Data-Driven Business

As with any standard-setting revolution, businesses across the spectrum are now following these examples. But what these organizations need to understand is that simply deciding to be data-driven, or to “do Big Data,” isn’t enough.

As with any strategy or business model, it’s advisable to apply best practices to ensure the endeavor is worthwhile and that it operates as efficiently as possible. In fact, it’s especially important with data, as poorly governed data will lead to slower times to market and oversights in security. Additionally, poorly managed data fosters inaccurate analysis and poor decision-making, further hampering times to market due to inaccuracy in the planning stages, false starts and wasted cycles.

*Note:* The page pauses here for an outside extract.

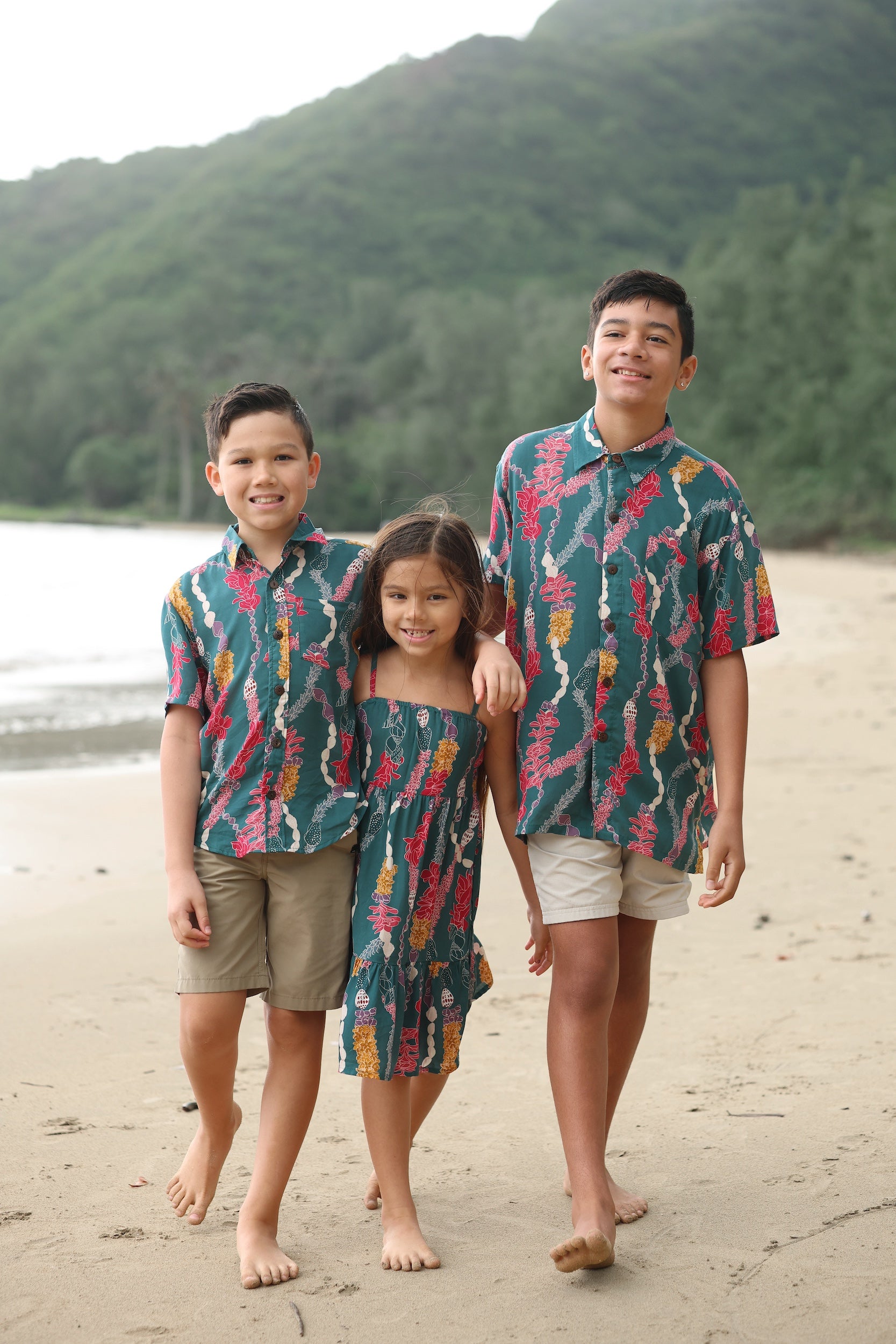 little boy wearing aloha button up shirt in dark teal with shell and lei print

Essentially garbage in, garbage out – so it’s important for businesses to get their foundations right. To build something, you need to know exactly what you’re building and why to understand the best way to progress.

Data Governance 2.0 Is the Underlying Factor

Good data governance (DG) enables every relevant stakeholder – from executives to frontline employees – to discover, understand, govern and socialize data. Then the right people have access to the right data, so the right decisions are easier to make.

Traditionally, DG encompassed governance goals such as maintaining a business glossary of data terms, a data dictionary and catalog. It also enabled lineage mapping and policy authoring.

However, Data Governance 1.0 was siloed with IT left to handle it. Often there were gaps in context, the chain of accountability and the analysis itself.

Data Governance 2.0 remedies this by taking into account the fact that data now permeates all levels of a business. And it allows for greater collaboration.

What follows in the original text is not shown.